* [Prompt]
Write out the listing from the line with "Lot of (10)" to the line with "100 precinto plástico", both lines included, exactly and nothing beyond. Leave pictures out.

* [Supplied information]
_ _ _ _ _ _ _
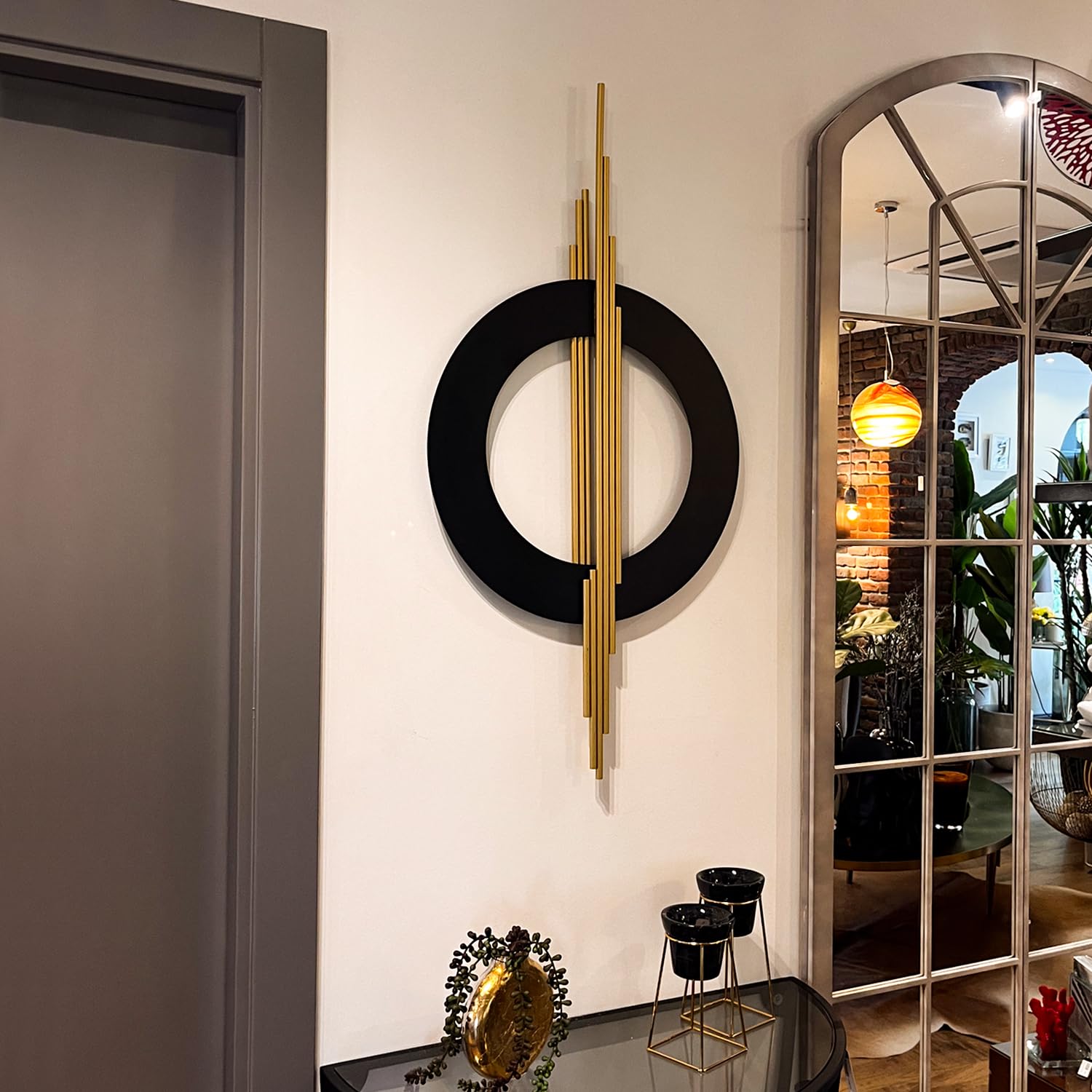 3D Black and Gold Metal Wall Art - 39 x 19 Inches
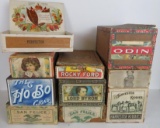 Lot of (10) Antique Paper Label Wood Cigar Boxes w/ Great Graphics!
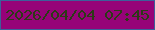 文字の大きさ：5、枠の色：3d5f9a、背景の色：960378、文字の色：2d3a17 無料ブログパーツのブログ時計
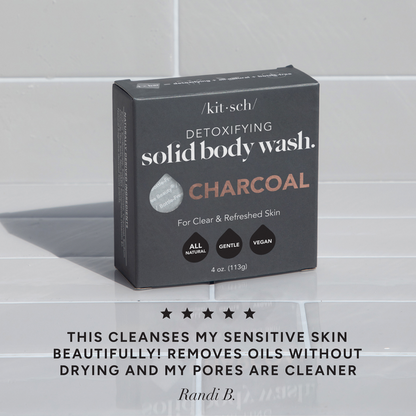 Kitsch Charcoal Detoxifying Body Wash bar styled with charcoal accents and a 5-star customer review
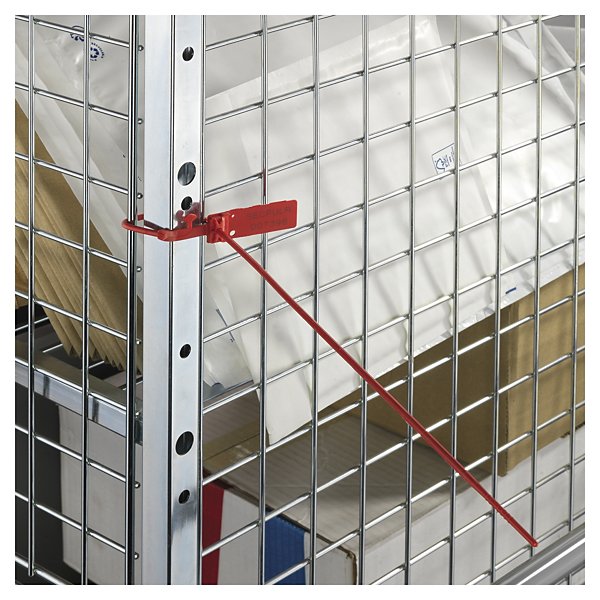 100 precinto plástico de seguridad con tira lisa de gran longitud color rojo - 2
_ _ _ _ _ _ _
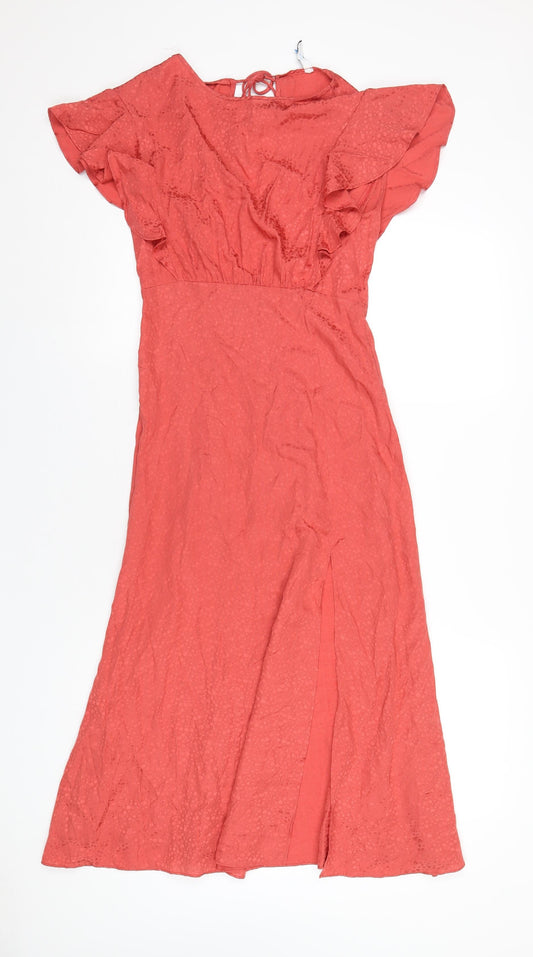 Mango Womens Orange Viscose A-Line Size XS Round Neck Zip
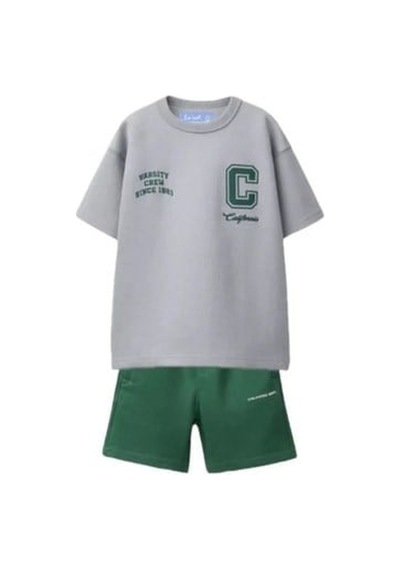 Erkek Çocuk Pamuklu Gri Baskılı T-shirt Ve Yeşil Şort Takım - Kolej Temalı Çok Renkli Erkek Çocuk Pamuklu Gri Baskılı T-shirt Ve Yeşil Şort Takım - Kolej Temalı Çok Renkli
_ _ _ _ _ _ _
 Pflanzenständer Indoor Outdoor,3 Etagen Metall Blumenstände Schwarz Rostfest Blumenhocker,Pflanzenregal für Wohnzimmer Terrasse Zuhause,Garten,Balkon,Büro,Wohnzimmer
_ _ _ _ _ _ _
* [Exercise result]
 Lot of (10) Antique Paper Label Wood Cigar Boxes w/ Great Graphics!
 文字の大きさ：5、枠の色：3d5f9a、背景の色：960378、文字の色：2d3a17 無料ブログパーツのブログ時計
 Kitsch Charcoal Detoxifying Body Wash bar styled with charcoal accents and a 5-star customer review
 100 precinto plástico de seguridad con tira lisa de gran longitud color rojo - 2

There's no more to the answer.